<<<<

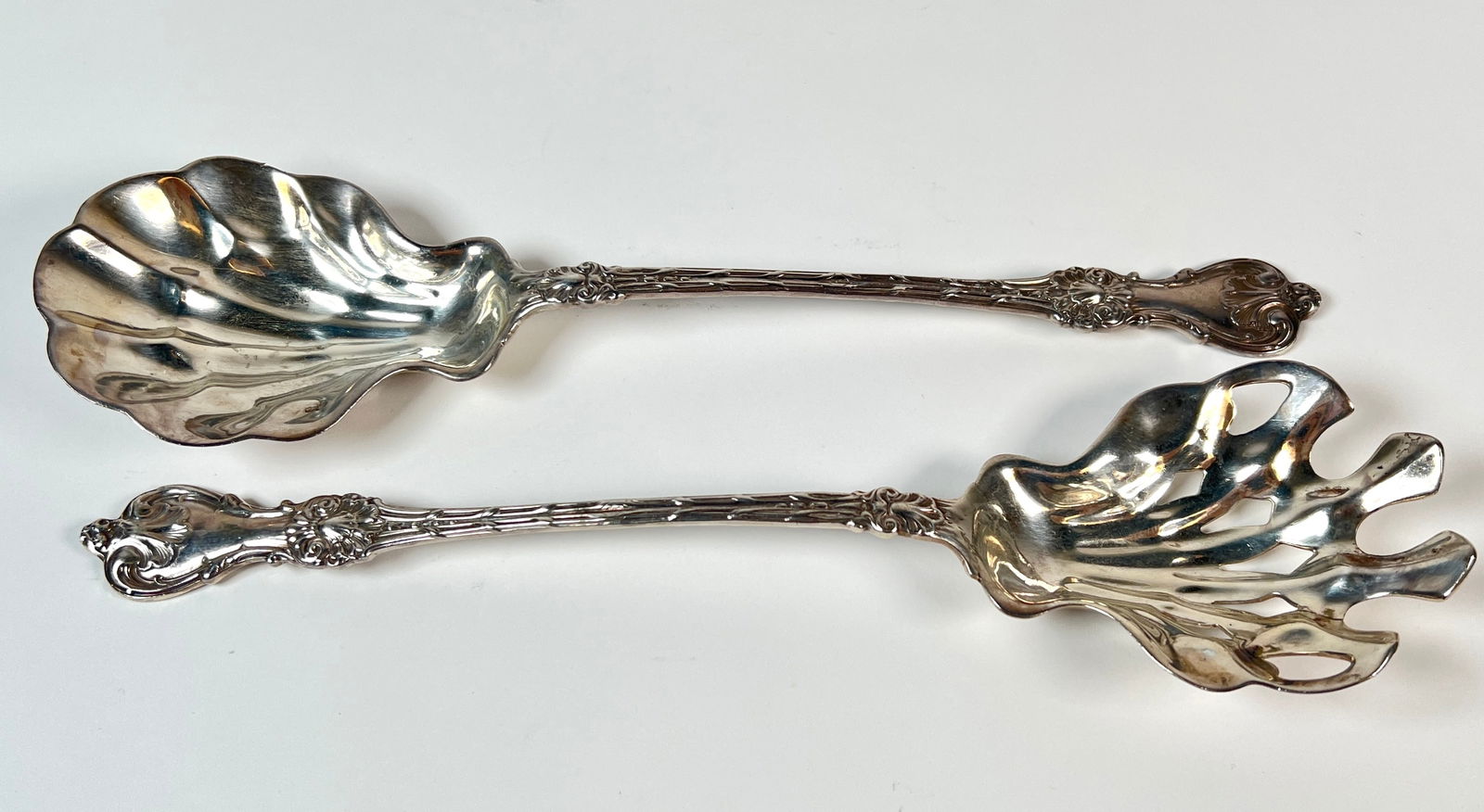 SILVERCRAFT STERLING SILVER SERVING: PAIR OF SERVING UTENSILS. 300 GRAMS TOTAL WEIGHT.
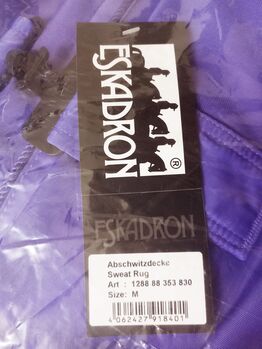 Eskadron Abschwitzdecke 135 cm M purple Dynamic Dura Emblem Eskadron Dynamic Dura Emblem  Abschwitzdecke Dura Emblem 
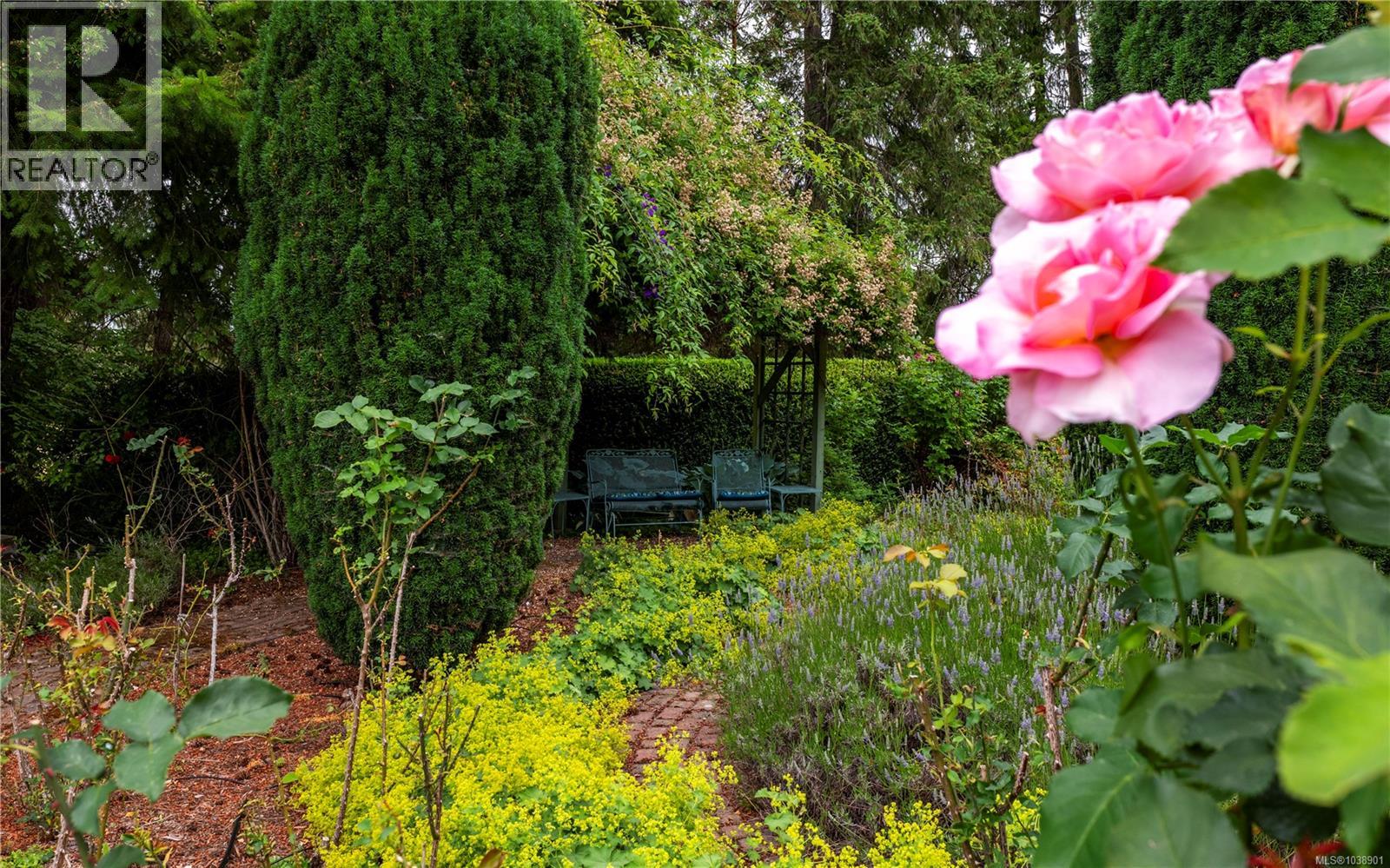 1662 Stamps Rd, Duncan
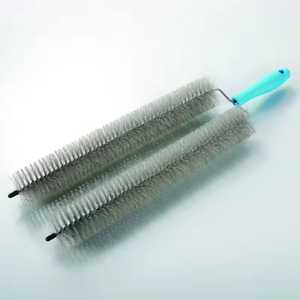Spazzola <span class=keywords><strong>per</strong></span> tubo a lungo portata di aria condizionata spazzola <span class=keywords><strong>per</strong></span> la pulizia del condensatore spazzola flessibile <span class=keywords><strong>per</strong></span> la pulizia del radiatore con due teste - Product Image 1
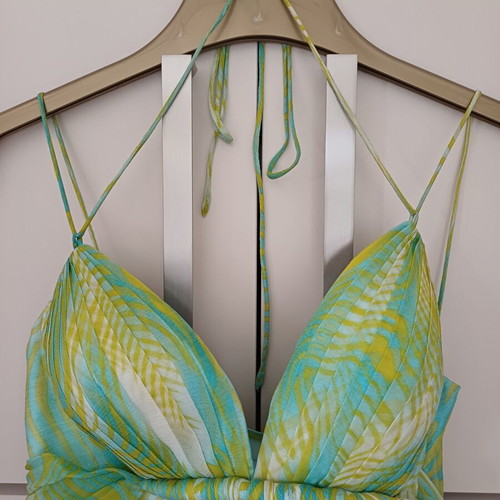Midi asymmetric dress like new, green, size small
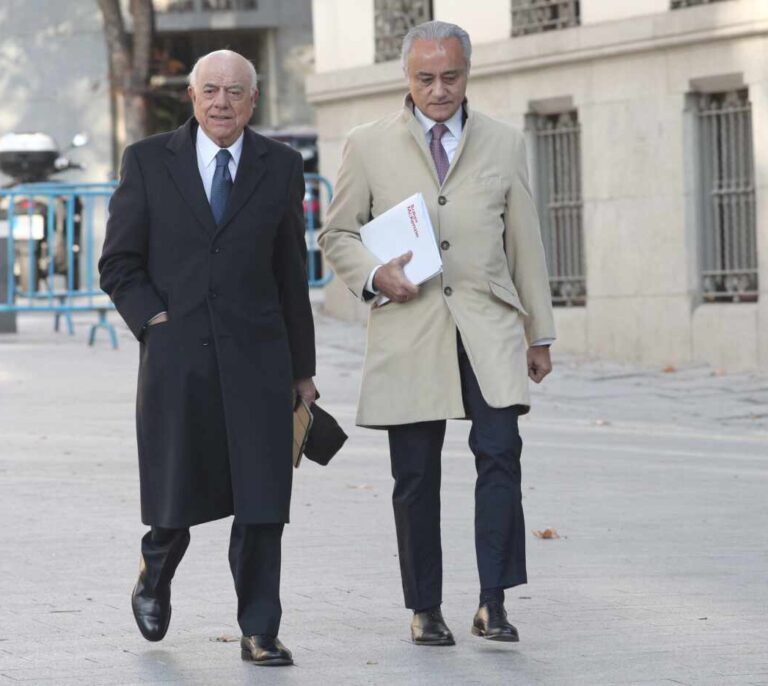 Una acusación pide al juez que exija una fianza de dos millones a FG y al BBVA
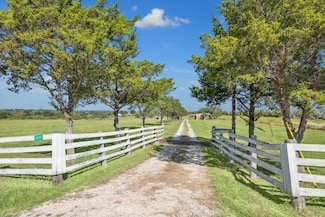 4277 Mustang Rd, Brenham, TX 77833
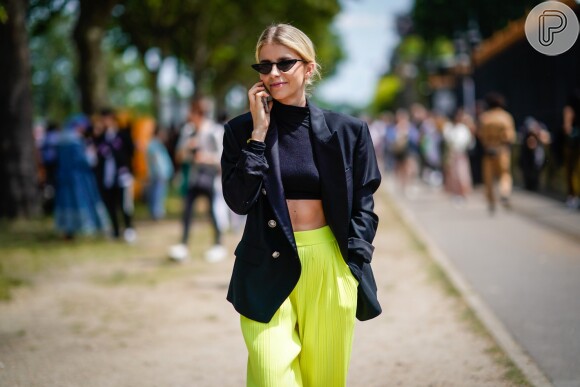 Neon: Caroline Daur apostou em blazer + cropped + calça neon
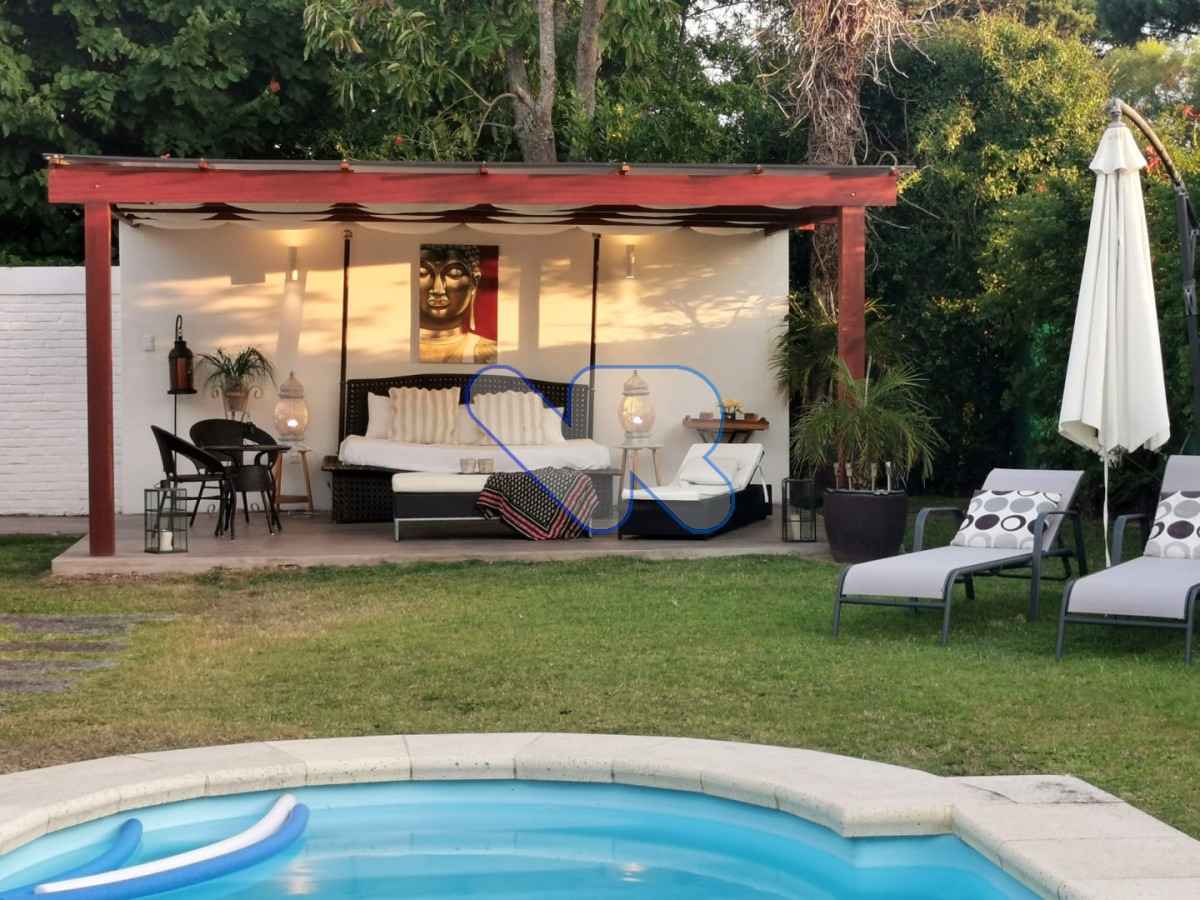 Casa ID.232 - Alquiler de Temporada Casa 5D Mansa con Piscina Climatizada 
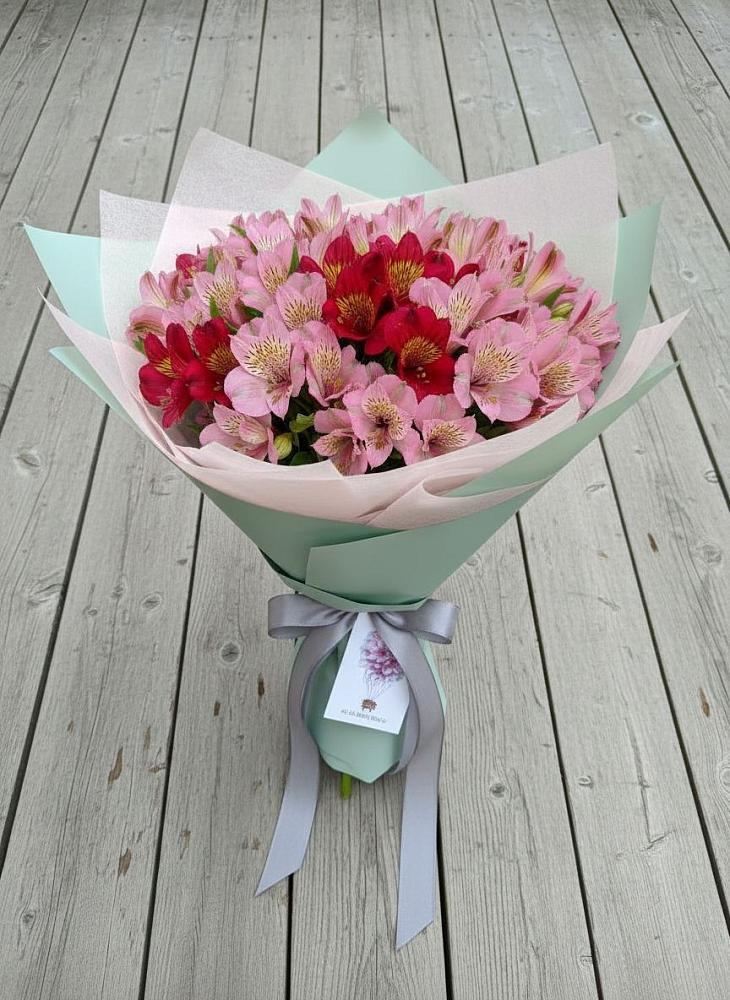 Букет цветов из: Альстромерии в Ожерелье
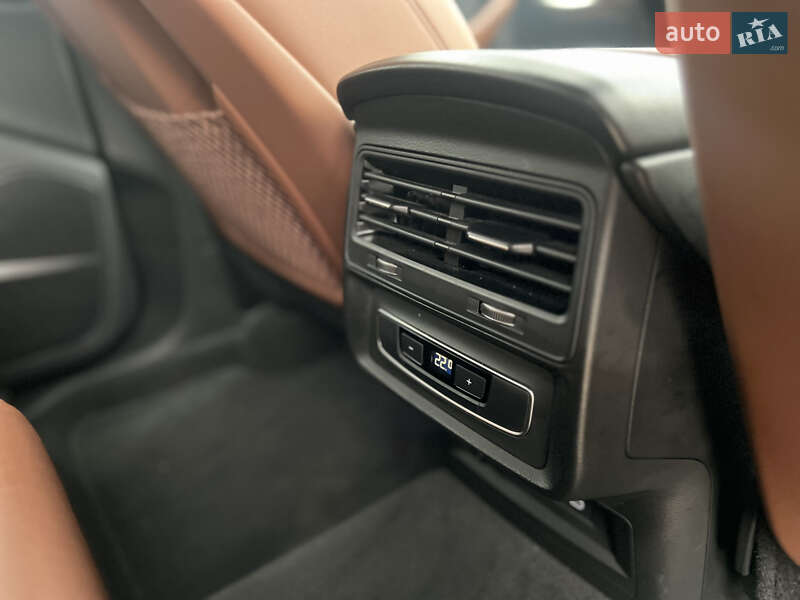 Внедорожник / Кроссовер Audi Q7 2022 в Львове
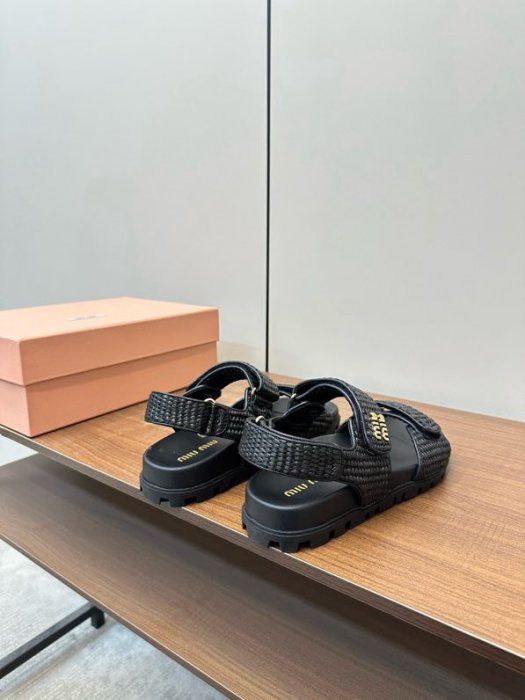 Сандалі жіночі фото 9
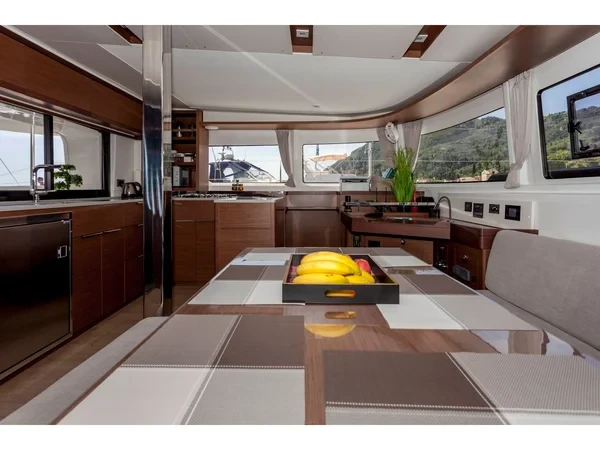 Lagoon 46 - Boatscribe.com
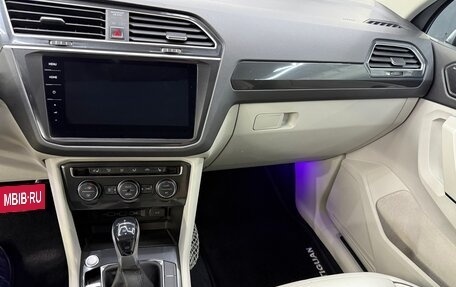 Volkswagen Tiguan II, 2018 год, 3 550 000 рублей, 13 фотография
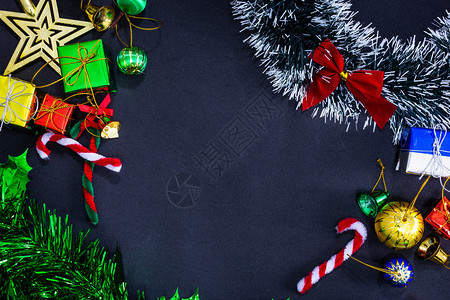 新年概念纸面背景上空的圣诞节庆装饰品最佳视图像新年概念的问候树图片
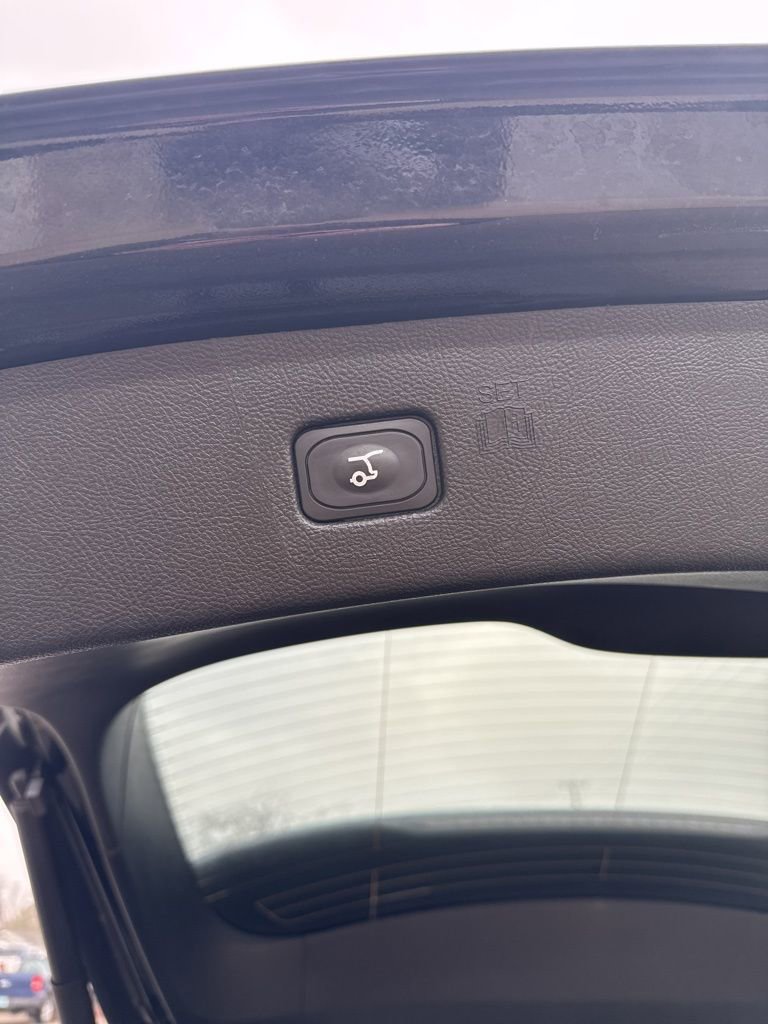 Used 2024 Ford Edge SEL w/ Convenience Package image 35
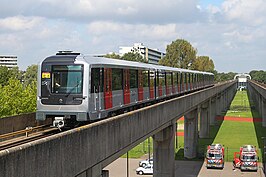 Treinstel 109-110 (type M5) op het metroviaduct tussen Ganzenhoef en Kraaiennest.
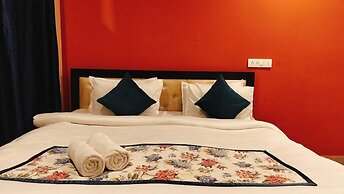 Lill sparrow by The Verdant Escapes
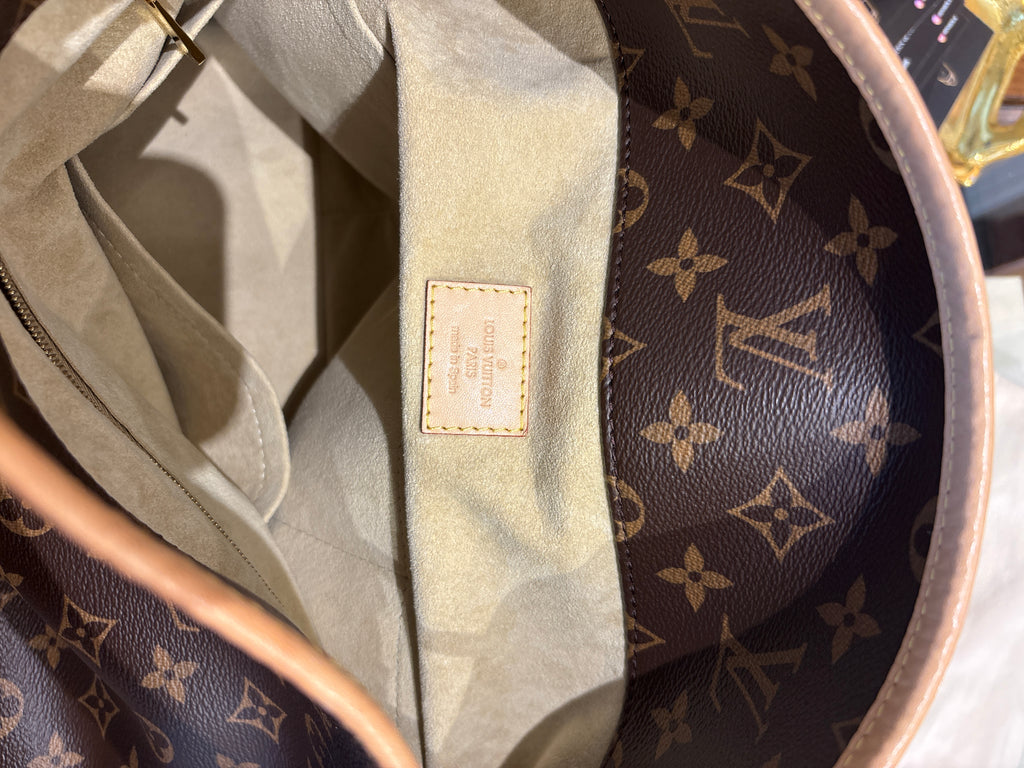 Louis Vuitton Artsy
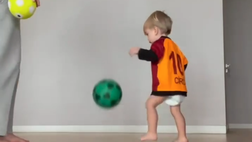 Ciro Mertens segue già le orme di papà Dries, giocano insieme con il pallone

>>>>

What you should do:
The expected output is the lines from the line that contains "Louis Vuitton Artsy" through the last line of the material, reproduced exactly, with both ends present and pictures absent.

Solved problem:
 Louis Vuitton Artsy
 Ciro Mertens segue già le orme di papà Dries, giocano insieme con il pallone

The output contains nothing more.